▶ **EXERCISE**
Since pictures are not part of the copy, please output only the lines from the one with "An old man wearing" through the end of the data below, exactly as written.

▶ **SOURCE MATERIAL**
>>>>
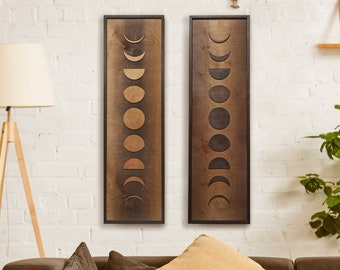 Wood Moon Phases Wall Art, Celestial Home Decor,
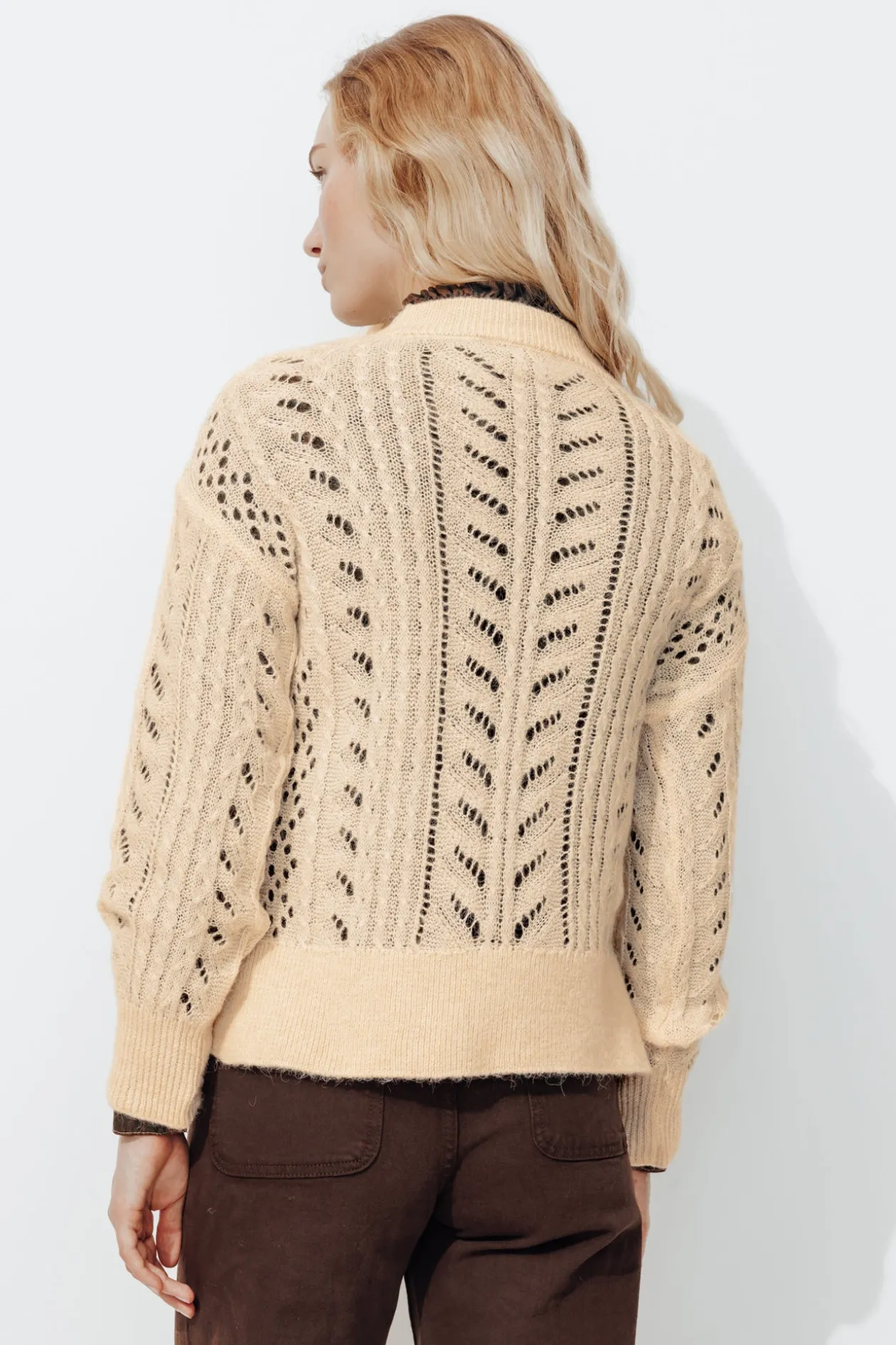 Promod Pull en maille ajourée Femme - Beige Cheap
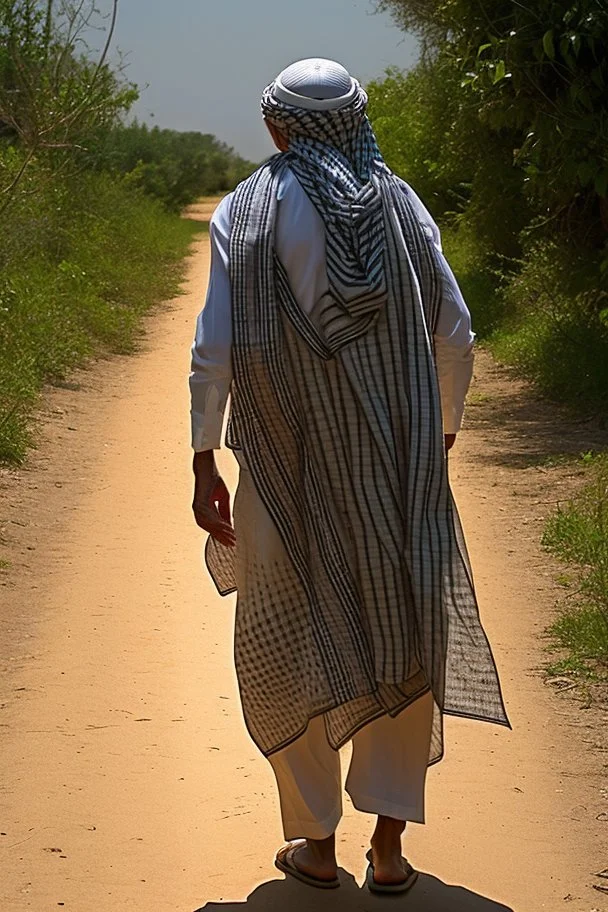 An old man wearing an Arabic keffiyeh, his back bent, walking barefoot, holding his cane upside down, looking back and holding his shoe in his hand.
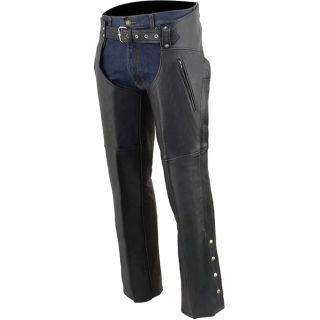 Black Premium Leather Chaps With Zipper Pocket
<<<<
▶ **RESPONSE BELOW**
 An old man wearing an Arabic keffiyeh, his back bent, walking barefoot, holding his cane upside down, looking back and holding his shoe in his hand.
 Black Premium Leather Chaps With Zipper Pocket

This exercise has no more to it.